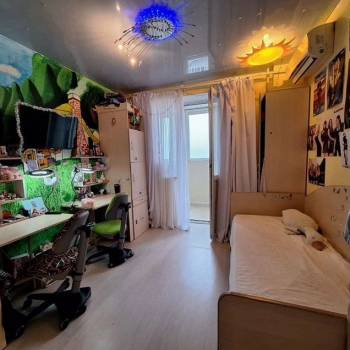 Продается 1-комнатная квартира, 36 м²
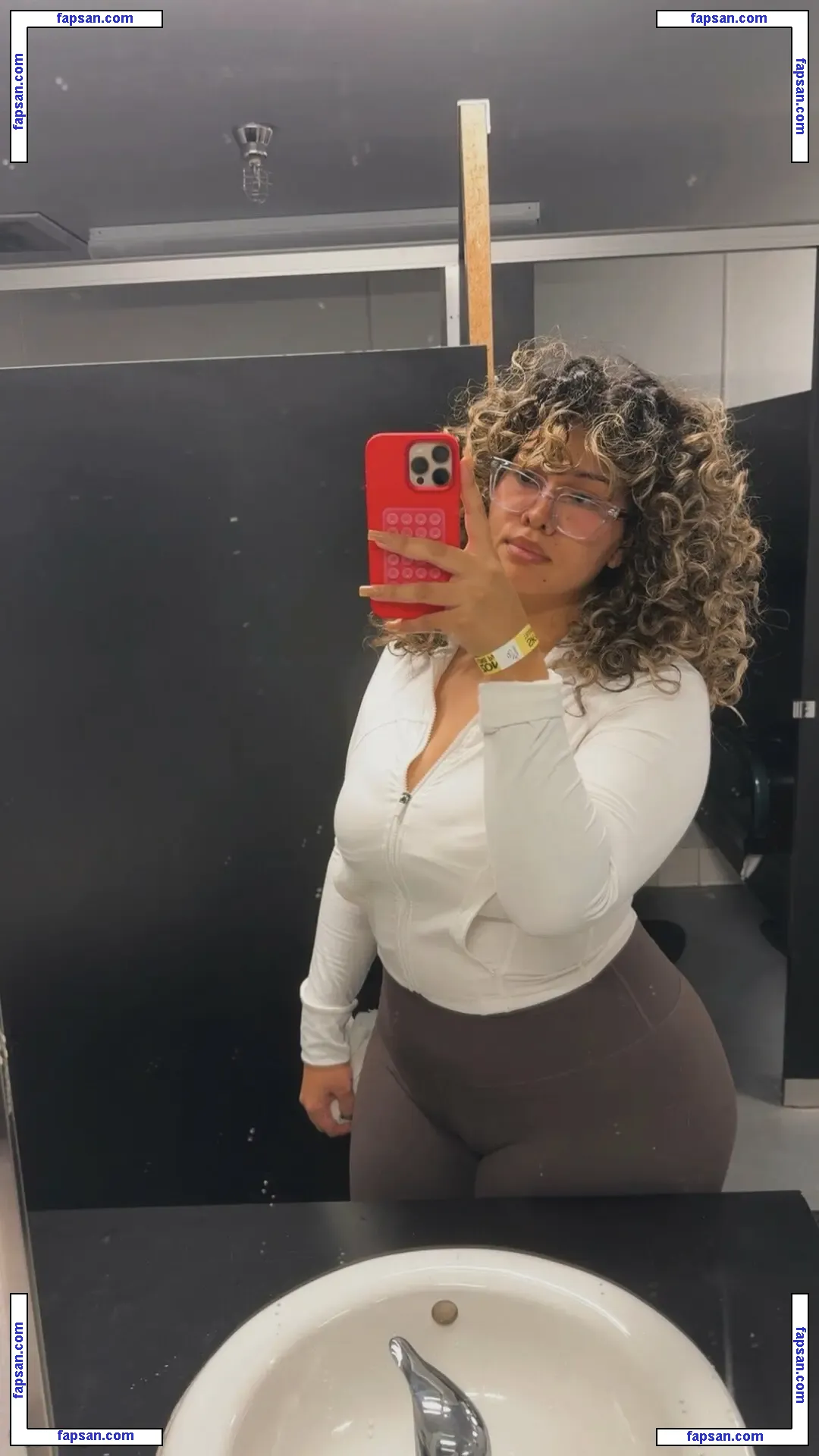 Mama E nude photo #0024 from OnlyFans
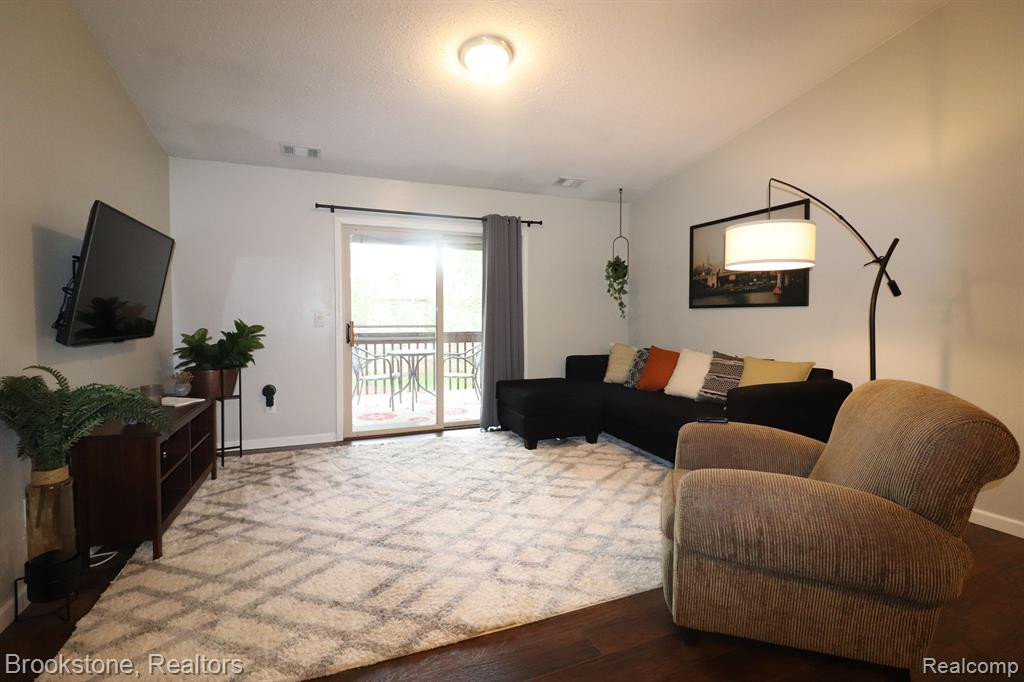 9786 SAWGRASS Court, Belleville, MI 48111 — Photo 3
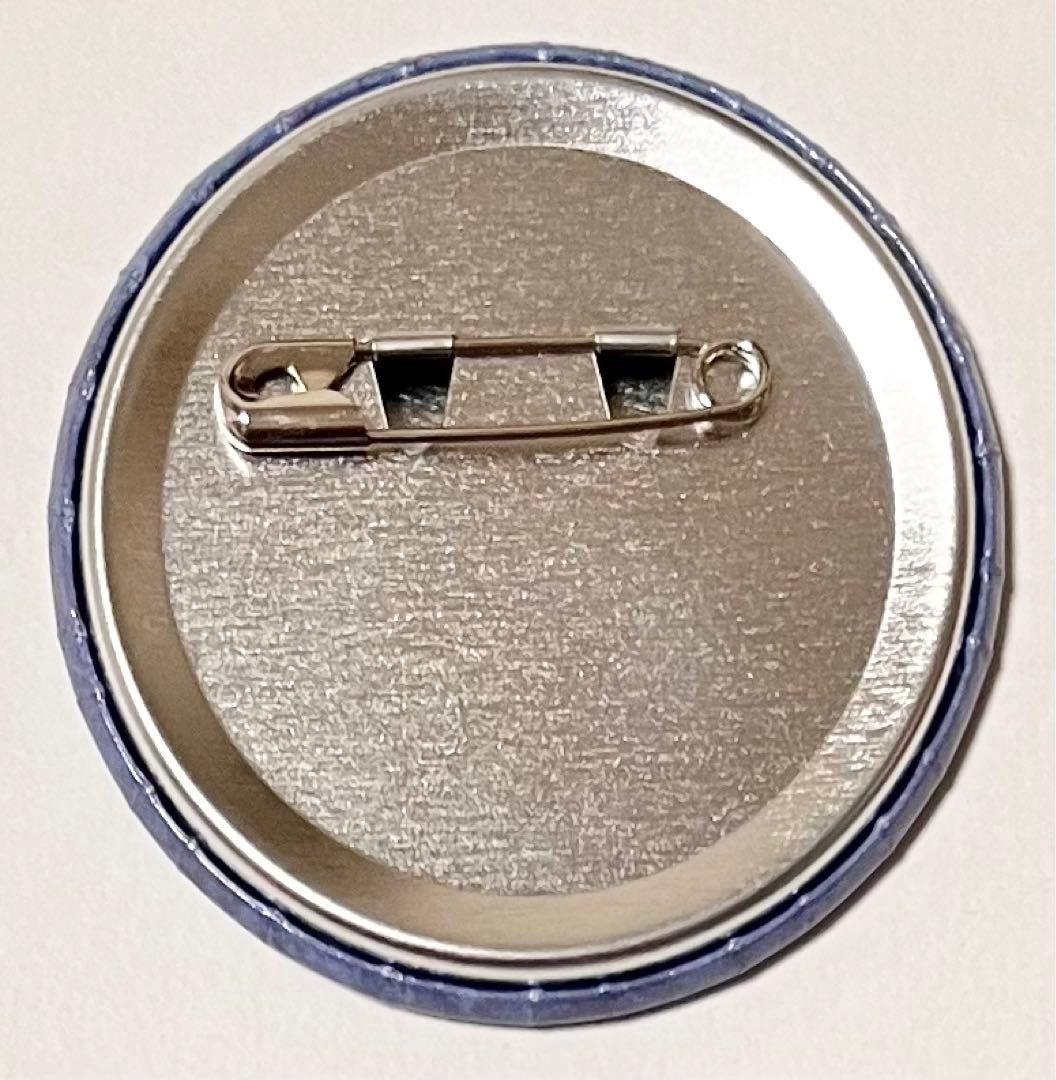 進撃の巨人 缶バッジ マフラー ミカサ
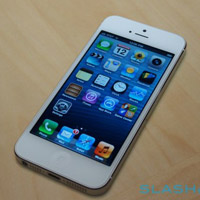 Apple tốn bao nhiêu “đô” cho 1 chiếc iPhone 5?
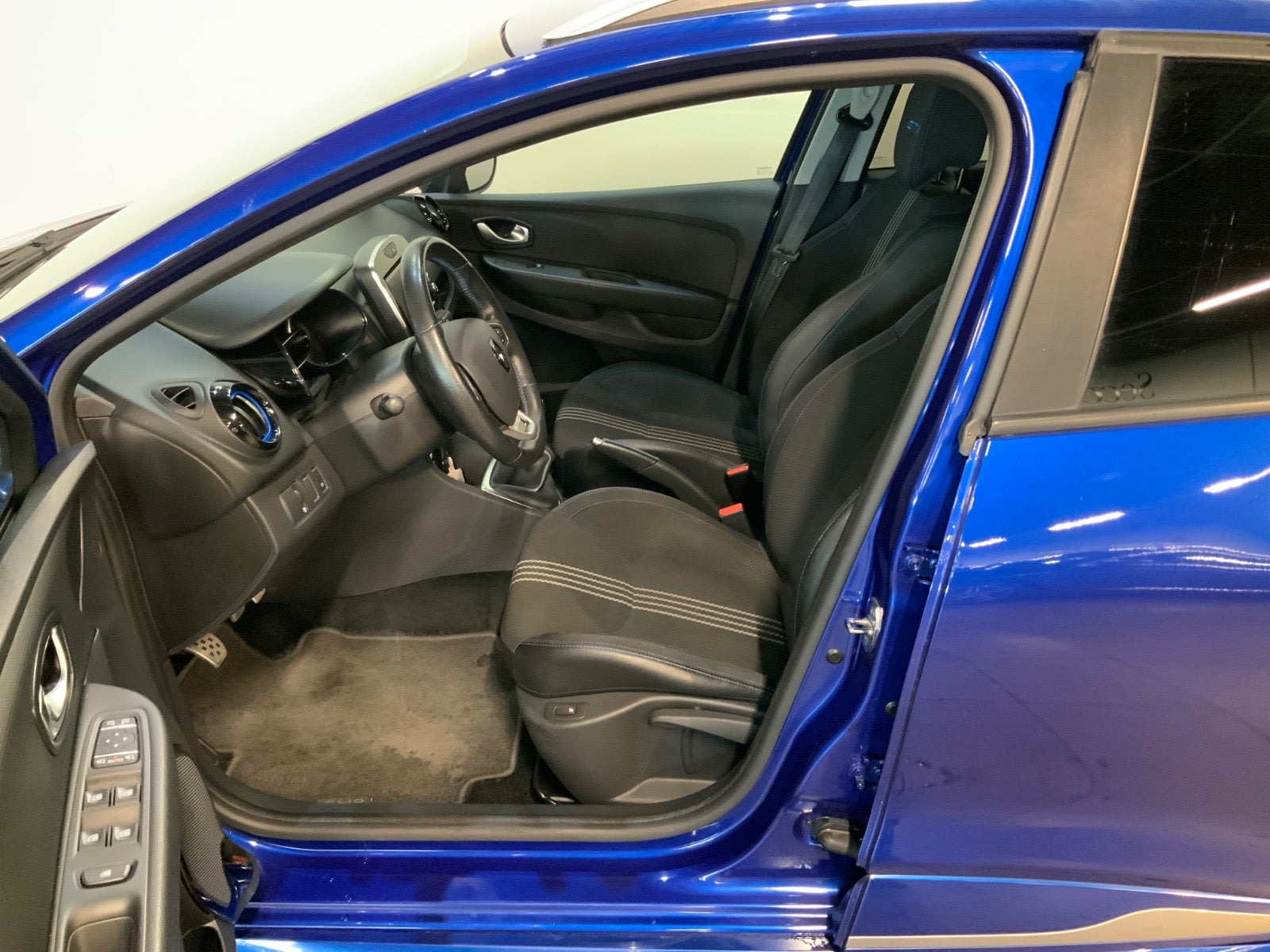 Blå Renault Clio IV fra 2016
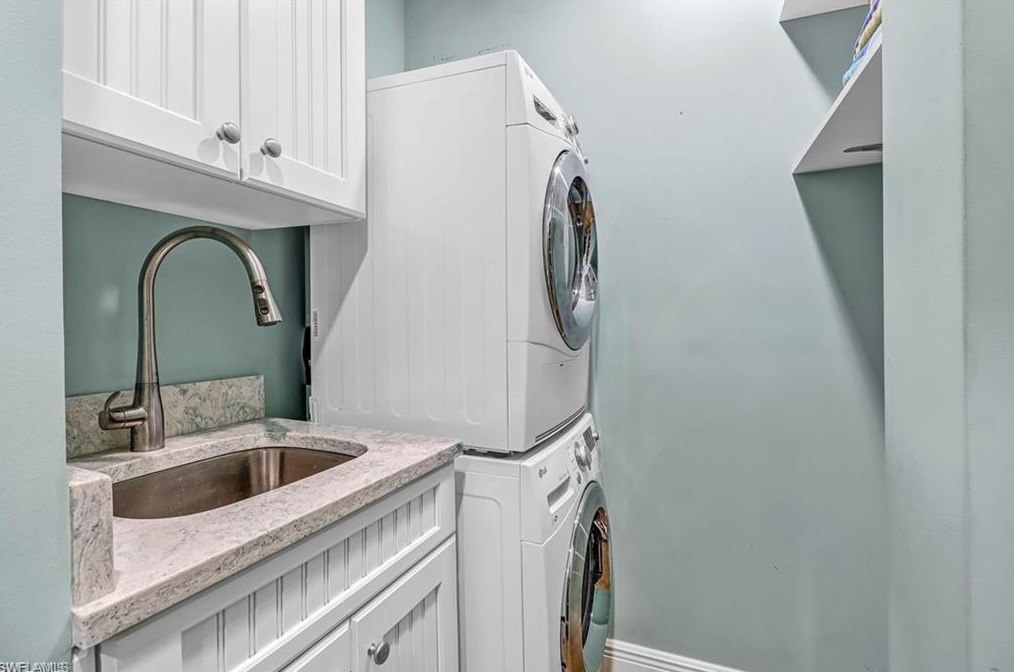 9103 Vanderbilt Dr #2-305, Naples, FL 34108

= = = = = = =

What the task asks: The reply should hold every line of the material above, unchanged, and no pictures.

Expected output:
 Продается 1-комнатная квартира, 36 м²
 Mama E nude photo #0024 from OnlyFans
 9786 SAWGRASS Court, Belleville, MI 48111 — Photo 3
 進撃の巨人 缶バッジ マフラー ミカサ
 Apple tốn bao nhiêu “đô” cho 1 chiếc iPhone 5?
 Blå Renault Clio IV fra 2016
 9103 Vanderbilt Dr #2-305, Naples, FL 34108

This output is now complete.